What would you recommend to finish this bit of trim with so it gets to about the same colour as the rest of the door? The trim is some kind of hardwood, and it was originally painted white, but they sanded that down (still can see a few bits of paint in the pores of the wood).

I have some linseed oil based hard wax oil (Kreidezeit) and some Osmo hard wax oil, but those won't really work in this situation I don't think.

Any advice much appreciated!
Looks like Red Meranti and I may be wrong but the door looks like a quality Sapele That's pretty poor work, rushed with poor mitres and finishing. If it were mine, I'd remove what they'd done, buy some Sapele which won't be the same batch but would be a better match and finish it in a harwaxoil if wanting a more (traditional?) oil finish or apply two coats of a hard wearing PU finish after dry jointing before pinning/bonding into place. More to the point, I'd complain about the standard of their work and demand a partial refund to allow you to re-finish the job properly.
Thanks @Reffc . It wasn't very neatly done, but it's actually at my parents house and they're not that fussy about these things, so I doubt they'd want to remove it again. If it were at my own house I'd not be that happy about it.

Given the Red Meranti (or similar?) wood, do you have any suggestions to make that a better match for the rest of the door? Doesn't have to be the same exact colour, just something that works well with it.

The front door is probably about 60 years old.
If leaving the wood the only way is to experiment on a small patch of the mitred frames using wood stain or dye, then after a suitable drying period, I'd hardwaxoil the frames masking the glass panels off. You'll need 3 coats for exterior use for durability. Osmo should be fine but if worried about weather proofing a Danish oil containing resin hardeners might be ok. I use a Danish oil for some of my gun stocks and it's held up to wet weather very well. They need a good sanding before you think about finishing them though! Look to a light stain with a reddish tint otherwise it'll come out very dark on Meranti. A light tan wityh a reddish tint might work but don't expect a close match. The frames will come out darker than the sapele once finished. Either that or simply paint them after undercoating and maybe use a striking contrast as a feature?
Ditto using some sort of stain. Something like Teak should push it more toward an orange hue. As to finish - then whatever you have to hand that will give the semi-gloss look.
I suspect if you put an oil based varnish on the new parts the colour will move a lot closer to the existing already finished sections. Because of the linseed oil in such varnish it has a darkening effect and to bring out amber elements on whatever is underneath, whether that's bare wood or the base wood colour has been modified by dye, stain, etc. That raw pink colour of freshly cut wood will soon darken anyway because of the effects of UV rays and oxidation and that may be all you need.
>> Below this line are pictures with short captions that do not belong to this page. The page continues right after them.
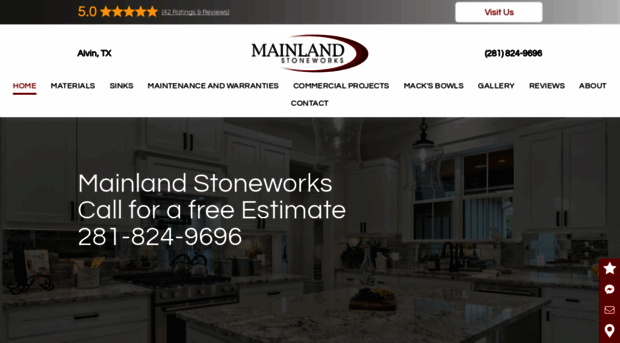 mainlandstoneworks.com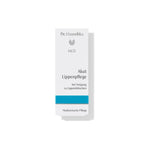 Dr. Hauschka MED Akut Lippenpflege – weiße Tube mit blauem Streifen, weißer Hintergrund – Lippenpflege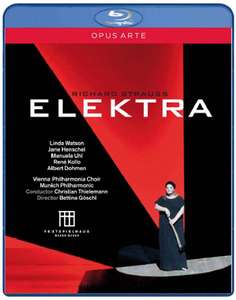 

STRAUSS, R.: Elektra (Baden-Baden, 2010) (Blu-ray, HD), 1 Blu-ray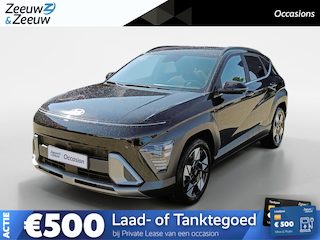 Hyundai Kona 1.6 GDI HEV Premium | Apple Carplay/Android Auto | Rondom camera | lederen bekleding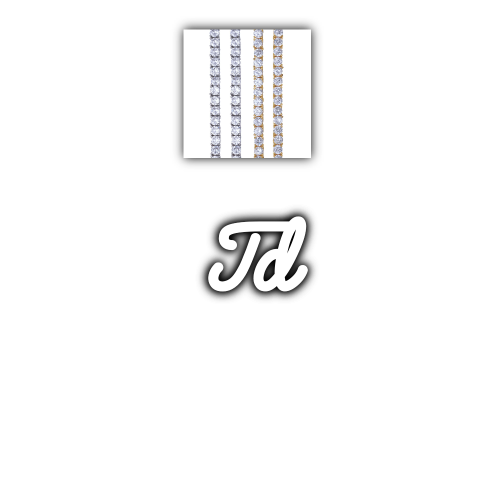 Script Custom Letter Necklace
If you've got an offcut or two I'd try just putting a couple of coats clear oil varnish on a patch in the first place to see what colour change happens, and go from there regarding additional colouring if you think it's required. Slainte.
Thanks all, I'll try to get hold of some Red Meranti to test a few options and see if a stain is required. Don't have any offcuts of the actual trim unfortunately, but it should give a good indication.

Didn't mention it, but this is on the internal side of the front door, so weather proofing is not really required.
Quick update on how it turned out:

I handplaned the trim to get rid of the remaining white paint in the pores, which had the additional benefit of revealing a more beautiful and darker tone of the wood. I then finished it with some Kreidezeit hard wax oil, which darkened it even more.

Final result is pretty good in terms of color I think, matches quite well with the door. It's a little less red in real life than in the photo.


Have to say the original tradesman should've done a better job. Because it was originally painted white from the factory, they used lower quality wood where they sealed defects with some brown filler.

That doesn't really matter if it's painted over, but after sanding and planing those were revealed, which was a bit of a shame (you can see one all the way at the top in the photo).